Data provided:

-------------------------

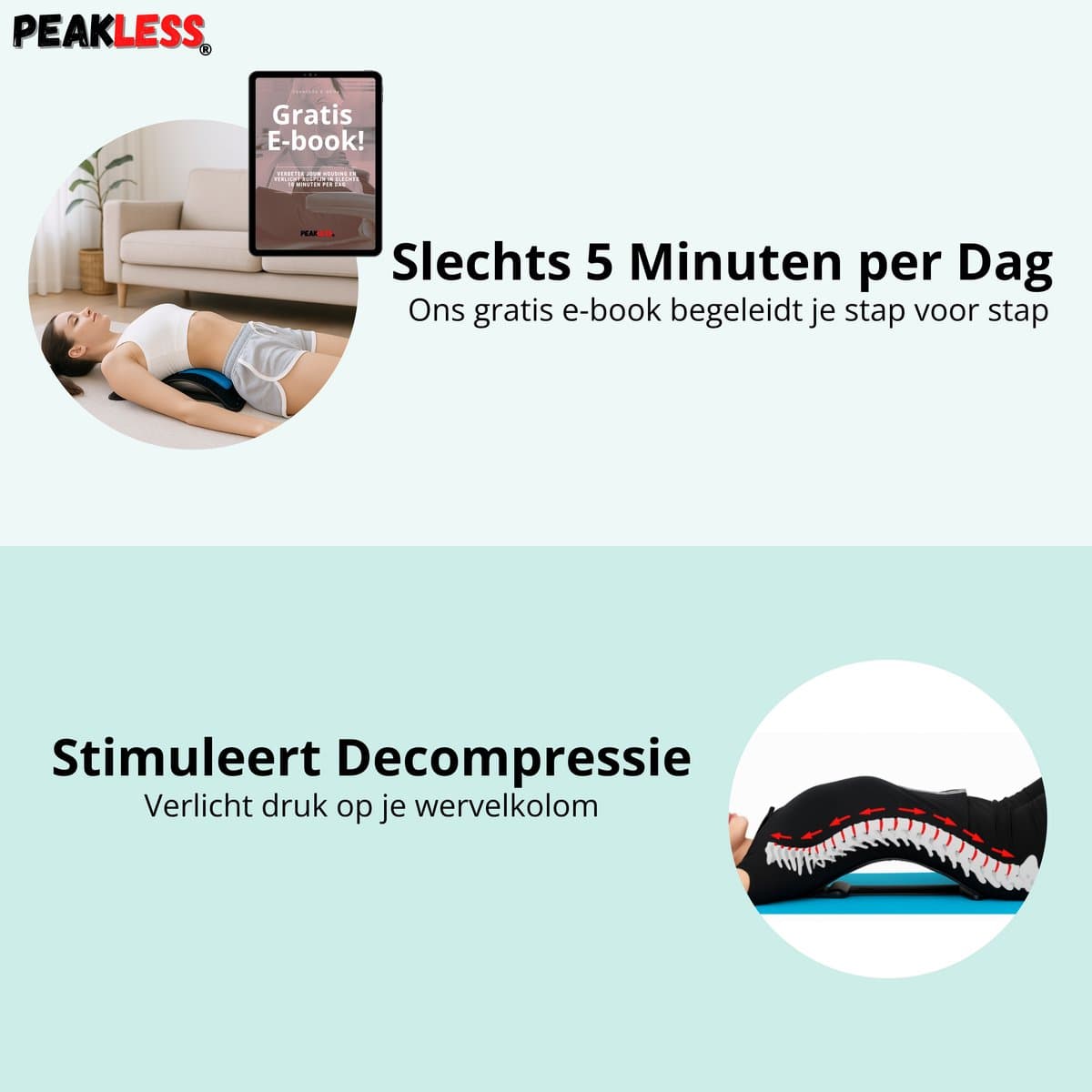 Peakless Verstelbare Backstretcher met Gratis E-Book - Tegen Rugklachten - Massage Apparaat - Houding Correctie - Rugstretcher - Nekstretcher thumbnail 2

-------------------------

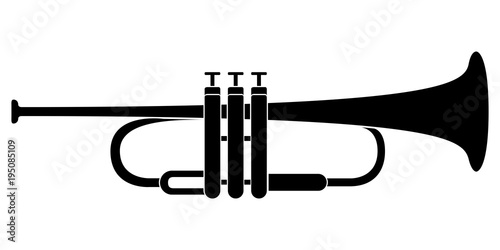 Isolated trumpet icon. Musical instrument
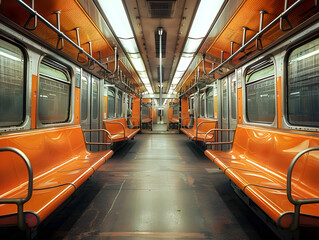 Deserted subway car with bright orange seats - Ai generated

-------------------------

Task prompt: Start with the line with "Isolated trumpet icon. Musical instrument" in the listing above and stop after the line with "Deserted subway car". Write out exactly the lines in that stretch and no others, without pictures.

Solved problem:
 Isolated trumpet icon. Musical instrument
 Deserted subway car with bright orange seats - Ai generated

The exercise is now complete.